Content starts

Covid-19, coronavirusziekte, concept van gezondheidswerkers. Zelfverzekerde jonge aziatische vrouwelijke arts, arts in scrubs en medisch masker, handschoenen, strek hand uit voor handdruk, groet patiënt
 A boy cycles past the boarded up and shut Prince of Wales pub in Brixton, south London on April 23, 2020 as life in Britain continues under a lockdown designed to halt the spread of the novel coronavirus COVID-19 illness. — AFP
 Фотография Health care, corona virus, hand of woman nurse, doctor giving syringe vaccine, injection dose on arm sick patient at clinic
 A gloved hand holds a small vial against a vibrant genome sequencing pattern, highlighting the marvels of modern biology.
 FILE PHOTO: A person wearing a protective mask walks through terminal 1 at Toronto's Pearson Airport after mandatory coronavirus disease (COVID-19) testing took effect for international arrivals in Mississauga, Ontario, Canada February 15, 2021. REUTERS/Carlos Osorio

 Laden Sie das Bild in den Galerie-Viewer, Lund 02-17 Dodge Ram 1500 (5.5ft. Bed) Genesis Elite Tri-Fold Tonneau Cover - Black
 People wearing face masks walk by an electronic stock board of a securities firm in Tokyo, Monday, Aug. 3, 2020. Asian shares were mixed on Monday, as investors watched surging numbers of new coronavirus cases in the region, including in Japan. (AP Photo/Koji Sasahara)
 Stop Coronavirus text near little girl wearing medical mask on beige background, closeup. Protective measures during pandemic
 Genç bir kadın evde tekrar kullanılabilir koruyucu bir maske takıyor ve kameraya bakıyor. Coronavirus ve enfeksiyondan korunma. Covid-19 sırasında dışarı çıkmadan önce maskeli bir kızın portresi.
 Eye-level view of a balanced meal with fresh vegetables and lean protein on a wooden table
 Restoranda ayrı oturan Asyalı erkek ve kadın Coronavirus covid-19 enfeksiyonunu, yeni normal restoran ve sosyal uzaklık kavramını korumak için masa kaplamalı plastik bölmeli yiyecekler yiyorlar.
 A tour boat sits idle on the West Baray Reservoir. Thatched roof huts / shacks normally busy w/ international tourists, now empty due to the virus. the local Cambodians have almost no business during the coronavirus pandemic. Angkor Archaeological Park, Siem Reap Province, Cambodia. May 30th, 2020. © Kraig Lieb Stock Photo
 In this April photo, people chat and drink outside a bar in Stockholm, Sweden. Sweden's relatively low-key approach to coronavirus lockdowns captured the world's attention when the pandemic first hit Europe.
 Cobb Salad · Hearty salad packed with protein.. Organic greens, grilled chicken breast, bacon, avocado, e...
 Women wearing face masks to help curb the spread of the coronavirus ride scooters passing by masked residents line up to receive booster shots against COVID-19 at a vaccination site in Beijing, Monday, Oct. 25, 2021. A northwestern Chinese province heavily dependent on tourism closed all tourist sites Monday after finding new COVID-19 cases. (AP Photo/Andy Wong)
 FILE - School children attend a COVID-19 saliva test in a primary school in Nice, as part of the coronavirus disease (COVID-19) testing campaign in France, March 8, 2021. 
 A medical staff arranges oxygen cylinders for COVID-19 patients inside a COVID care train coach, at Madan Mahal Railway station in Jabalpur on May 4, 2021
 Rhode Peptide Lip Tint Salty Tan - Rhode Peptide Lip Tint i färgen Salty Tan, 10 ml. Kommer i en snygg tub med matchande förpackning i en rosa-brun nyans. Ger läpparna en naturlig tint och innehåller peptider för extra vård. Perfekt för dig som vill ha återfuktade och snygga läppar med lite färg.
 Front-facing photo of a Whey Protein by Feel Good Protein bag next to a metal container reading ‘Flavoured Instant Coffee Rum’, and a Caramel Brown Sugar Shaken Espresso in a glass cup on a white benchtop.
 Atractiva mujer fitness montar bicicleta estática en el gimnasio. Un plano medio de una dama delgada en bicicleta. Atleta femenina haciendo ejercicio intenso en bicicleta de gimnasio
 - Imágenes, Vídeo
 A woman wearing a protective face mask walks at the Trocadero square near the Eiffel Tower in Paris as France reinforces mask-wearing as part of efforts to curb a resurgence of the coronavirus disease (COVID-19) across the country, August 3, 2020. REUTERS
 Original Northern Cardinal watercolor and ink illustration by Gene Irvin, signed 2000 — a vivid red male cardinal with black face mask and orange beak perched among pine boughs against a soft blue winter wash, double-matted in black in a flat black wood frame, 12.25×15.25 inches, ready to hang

Content ends

▶ _Exercise prompt_:
In the records above, find every line with the word "pandemic" and copy it.

▶ _Solution to the exercise_:
 Stop Coronavirus text near little girl wearing medical mask on beige background, closeup. Protective measures during pandemic
 A tour boat sits idle on the West Baray Reservoir. Thatched roof huts / shacks normally busy w/ international tourists, now empty due to the virus. the local Cambodians have almost no business during the coronavirus pandemic. Angkor Archaeological Park, Siem Reap Province, Cambodia. May 30th, 2020. © Kraig Lieb Stock Photo
 In this April photo, people chat and drink outside a bar in Stockholm, Sweden. Sweden's relatively low-key approach to coronavirus lockdowns captured the world's attention when the pandemic first hit Europe.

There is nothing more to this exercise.